The Paralysis of Overwhelmed

The overwhelmed screams loudly as the crazy of the season catches up with me.  I can’t shake it.  Even in the midst of a freed-up morning, I feel paralyzed by all that I have to do.  I get my kids to school and return home to the dishwasher full of clean plates and bowls and silverware and the sink that overflows with their dirty counterparts.

Where do I start?

I ask myself emphatically and literally spin around in my kitchen hoping for a sign.  I have so much to do that I don’t even know how to pick where to start.  My mind spins too.  But somehow even in the spinning, I feel a sort of whisper in the deep innermost places of where my thoughts come from, and I remember the quiet that Almighty God offers.  The peace that He gives.
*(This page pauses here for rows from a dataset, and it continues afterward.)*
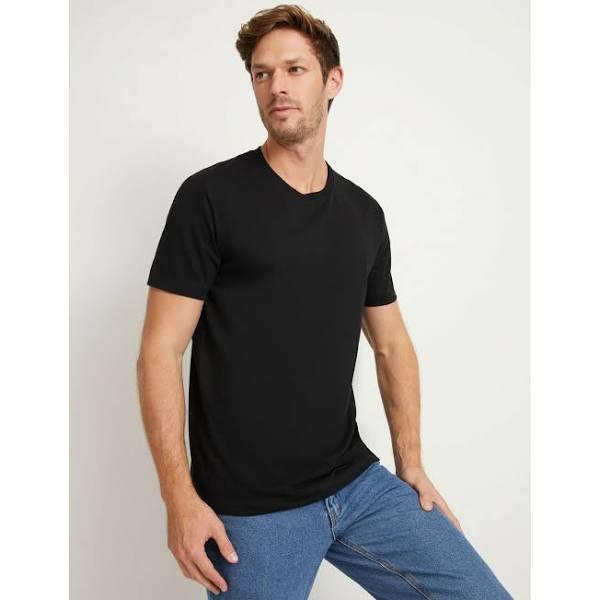 Rivers - Mens T-Shirt - Short Sleeve Basic Crew Neck Tee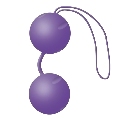 Bolas de Kegel Joyballs Lifestyle Roxo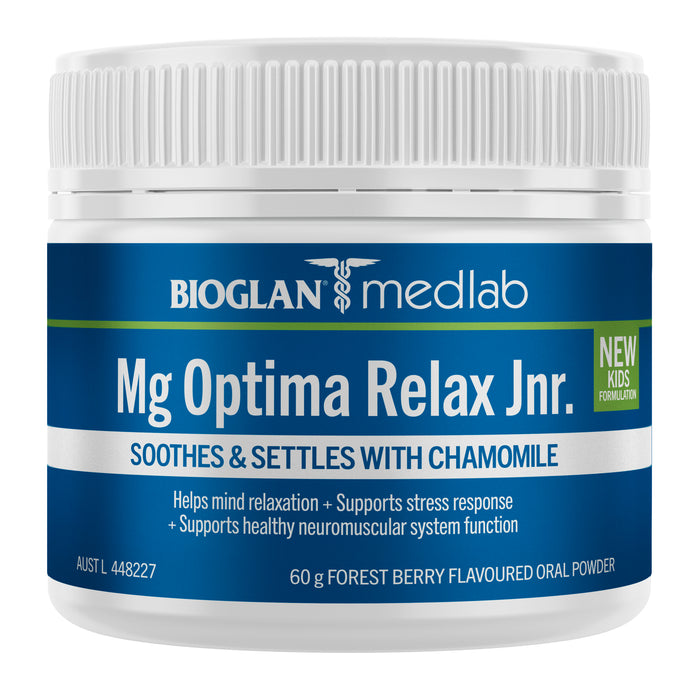 Medlab MG Optima Relax Junior 60g.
I see my Bible on the table, but I don’t reach for it.  Not yet.  Instead, I go straight to my knees.  My face, actually.  Right in the middle of the very minutes I have to get even one thing crossed off my list, I lay on the floor and tell God the Lord of my life, that He is just that.  He remembers.  It was me that needed reminding.  And the loud overwhelmed quiets down as I ask the Lord of my life to show me what to do, how to do it.

He reminds me that this is His plan afterall.  His hand that has brought me to right here.  This season of my life, this season of the year.  And right there in the middle of my living room floor, He breathes air into the lungs of my soul and whispers away the paralysis and reminds me that He is the Almighty and Sovereign God above all.

I get up off the floor and find my dishes still undone.  But when I see them this time, their effect is quite different.  No almost-swearing or hopeless burden of busyness.  Instead, I can think clearly.  So I make a list and start on the easys and realize that somehow I no longer feel paralyzed.  And just maybe I’ll get something done today.